Vernon, Florida (1981)


Being a documentary filmmaker can be the most exhilarating, fascinating career in the movies – but it also comes with tremendous responsibility. Unlike narrative filmmakers, documentarians have a responsibility to reflect real life – reality needs to be told through the lens of their camera, and the world they portray needs to be truthful. Whether they take the form of big-budget theatrical documentaries, or simply true-crime documentaries on television, a documentary is supposed to tell the truth and be a reflection on the world as it is.

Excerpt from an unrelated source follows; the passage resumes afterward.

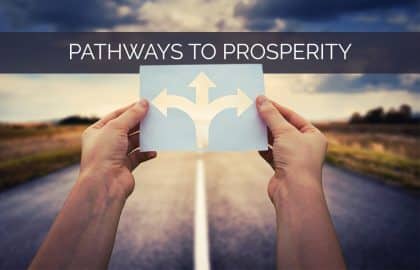 Riding the Dragon Blog: “Pathways to Prosperity”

Documentaries also tend to take on grandiose subject matter, important people and events that defined our world and are almost historic in context. However, what happens when someone decides to just make a documentary about normal people? Further than that, what happens when someone makes their career almost exclusively out of showing the lives of normal people, or unconventional representations of the lives of extraordinary people? Just ask Errol Morris, who in the span of his multi-decade cinematic career, has made some of the most bizarre and wonderfully irreverent documentary films. Some of them may be a lot more important in terms of subject matter, but many of his better documentaries are meditations on the everyday life. Perhaps my favorite of his earlier films is Vernon, Florida, one of the most delightfully odd but wonderfully entertaining documentary films ever made.

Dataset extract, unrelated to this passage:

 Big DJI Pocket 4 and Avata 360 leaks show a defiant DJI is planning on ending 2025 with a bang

Vernon, Florida is about the titular small town.  It isn’t a particularly special town, and there is nothing noteworthy about it. It just appears to be like any small community in America, operating on family values and trying to just exist in peace and harmony. However, Errol Morris has always had a preoccupation with showing reality, and he manages to find the most interesting and extraordinary people hiding in the most obscure places. Vernon, Florida is about nothing other than a small handful of the residents of the town, with the entire film being shifting discussions with a few of the residents as they talk about…anything, really.

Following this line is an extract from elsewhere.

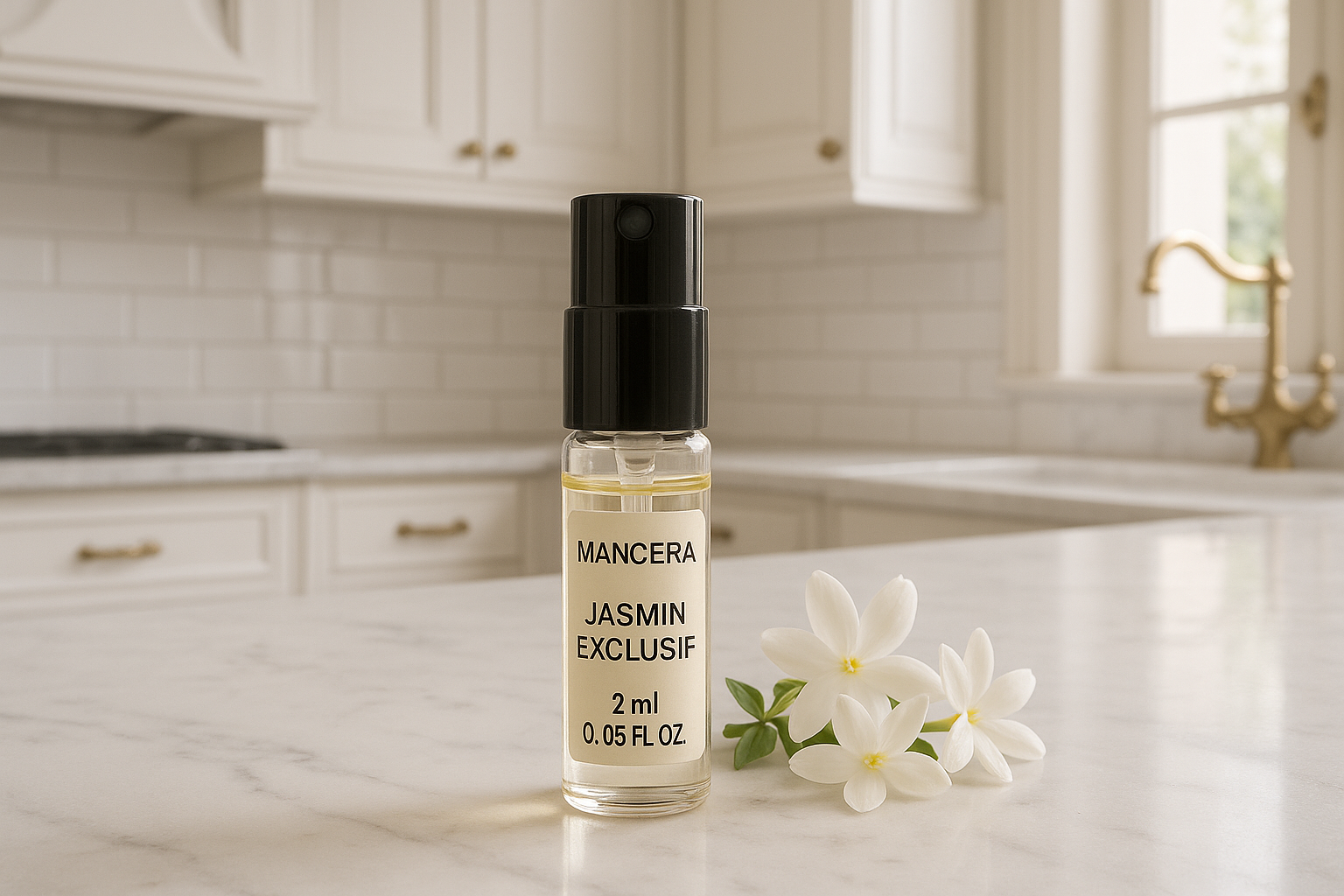 Mancera Jasmin Exclusif Oficial Perfume Muestra 2ml 0.06 fl.o.z. Perfume tester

Vernon, Florida is a film for anyone who wants to see people talk about completely random ideas and tell the most pointless stories. There is a man that talks about selling possums. There is a married couple that believes entire towns can be engulfed by desert sand. There is a preacher who spends several minutes discussing the word “therefore” and how it relates to the modern Christian (spoiler alert: it doesn’t, as hard as he may try). Perhaps the narrative from the turkey hunter is among the most captivating pieces of cinema ever. None of these subjects are given names – the film jumps from testimony to testimony, showing that these are just regular people on the surface, but actually also wonderfully eccentric individuals who make for riveting cinema. Morris’ decision to make a film about “normal” people is really something quite extraordinary,

Despite the simplistic concept and basic execution, Vernon, Florida is one of the most experimental and innovative documentaries for the pure reason that it is a film about nothing. There is absolutely no point to this film. There is no narrative thread connecting these people together, other than the fact that they live in the same town. When we consider nearly every documentary film has some important message, the fact that this film really just has absolutely no point towards it is absolutely incredible, because it is defiant of the concept of filmmaking. Morris has never been one to follow the rules, and rather constructs films about what fascinates him – and while the idea of watching a half dozen pensioners ramble on about absolute nonsense may seem awful for many, I found it to be thoroughly entertaining and fascinating beyond compare.

Vernon, Florida, like much of Morris’ work, is a non-interfering documentary. Morris simply allows his subjects to talk for themselves. There is no intervention from the filmmakers, and all commentary or context is completely left out. This liberates the film from any kind of cinematic manipulation – it is plain, honest and frank, a pure depiction of life in this small town. Documentaries can often be manipulative and over-emotional or force the audience to feel something. Vernon, Florida is the exact opposite – it allows the subjects themselves complete control over this film, and they direct the narrative themselves through their stories and testimonies. If that doesn’t represent liberating cinema, then I am not entirely sure what does.

There really isn’t much else to say about Vernon, Florida. It is quite a short documentary, but it has a lot to say. It may not be the most exciting on the surface, but it certainly has a huge heart under the surface. These people are strangely endearing – ordinary, but wonderfully eccentric and they prove to be more entertaining that many professional actors. Vernon, Florida may not be for everyone – but for anyone who wants something truly different, then Vernon, Florida is the film for you. Errol Morris is a sheer genius, and Vernon, Florida is just another example of that fact.